L'extinction des feux à 21 heures signe un coup d'arrêt de l'activité après le déjeuner: un service sur deux n'est pas viable. Les charges de loyer, de salaires, de taxes sont trop importantes.
Olivier Bertrand, patron d'un énorme groupe de 1.000 restaurants et burgers, a suggéré une baisse de la TVA à 5%, ce qui n'a déclenché aucune réaction des pouvoirs publics.
La colère monte dans les cuisines et les salles de restaurants: la profession de métiers de bouche si française se sent incomprise et stigmatisée. Au pays de Marie-Antoine Carême, premier chef historique de notre pays (1784-1833), d'Auguste Escoffier (Le Guide culinaire, 1902) père de la cuisine moderne, de Fernand Point, premier trois étoiles à Vienne aux côtés de la Mère Brazier à Lyon en 1933, de Paul Bocuse son élève, des frères Troisgros et de Michael Lhéritier à Ouches, d'Alain Ducasse (110 millions de chiffre d'affaires), de Joël Robuchon, 32 étoiles sur le globe, de l'École Ferrandi à Paris, où l'on forme les chef·fes, et de la suprématie culinaire des trois étoiles dans l'Hexagone, ces mesures coercitives visant un secteur quasi sinistré sont très mal vécues.
Elles minent le moral et l'énergie des professionnels de la restauration: «Servir est notre métier pour régaler les clients et l'on nous empêche de vivre de notre savoir-faire», entend-on ici et là dans la France des gourmets.
Le Michelin en renfort?
On comprend que le Michelin, organe de référence de la restauration et de l'hôtellerie depuis 1902, soit du côté des tables étoilées ou non (29 trois étoiles), des hôtels de toutes catégories, des bistrots titulaires d'un Bib et des adresses de bonne chère perdues dans la France profonde, comme Régis et Jacques Marcon à Saint-Bonnet-le-Froid, et Gilles Goujon à Fontjoncouse (180 habitant·es dans l'Aude): il fallait les découvrir, et sans le guide ces trois étoiles en puissance n'auraient sans doute jamais été connus, visités et célébrés –on refuse du monde à Fonjoncouse le weekend.

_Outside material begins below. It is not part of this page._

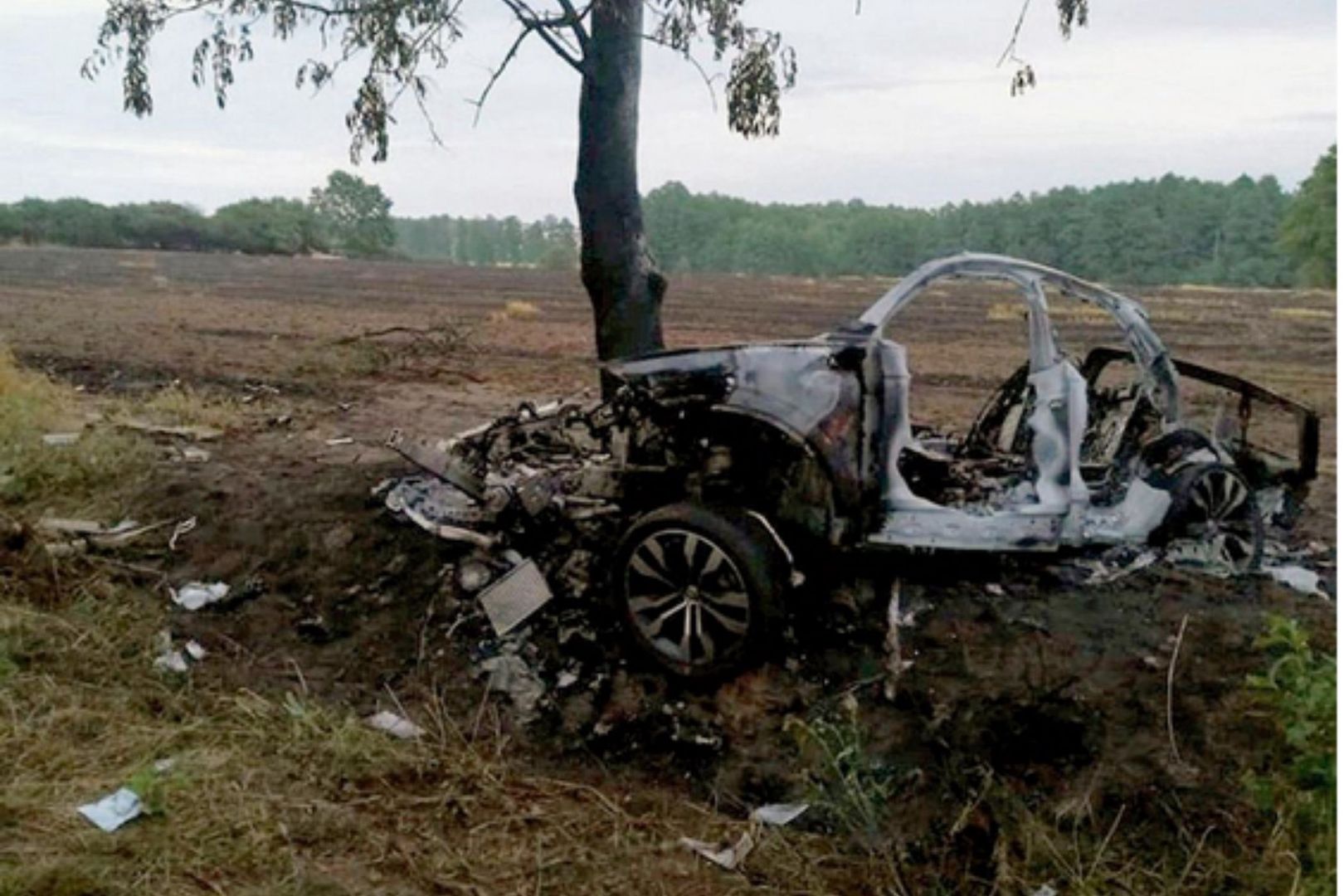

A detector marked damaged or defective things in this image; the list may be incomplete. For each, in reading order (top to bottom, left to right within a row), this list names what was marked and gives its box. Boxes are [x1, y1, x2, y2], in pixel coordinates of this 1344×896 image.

destroyed car [382, 252, 1314, 680]
burnt vehicle wreck [382, 256, 1314, 677]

Dans un communiqué publié au début du mois d'octobre, le Michelin maintient la présentation et la sélection annuelle des restaurants et hôtels en janvier 2021 non pas à Cognac comme prévu, mais à Paris (Salle Gaveau?).

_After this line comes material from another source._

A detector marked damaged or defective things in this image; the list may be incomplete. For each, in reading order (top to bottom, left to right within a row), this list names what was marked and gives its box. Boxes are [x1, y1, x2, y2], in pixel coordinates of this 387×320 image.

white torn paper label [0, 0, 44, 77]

Le guide signale «l'éclosion de nouveaux talents sur la scène gastronomique française et un très beau dynamisme des adresses déjà installées. Face à ces défis considérables, la profession continue de démontrer un niveau de combativité et de créativité exceptionnels. Il y aura de nouvelles tables dénichées par le corpus des inspecteurs et inspectrices et de belles expériences gastronomiques.»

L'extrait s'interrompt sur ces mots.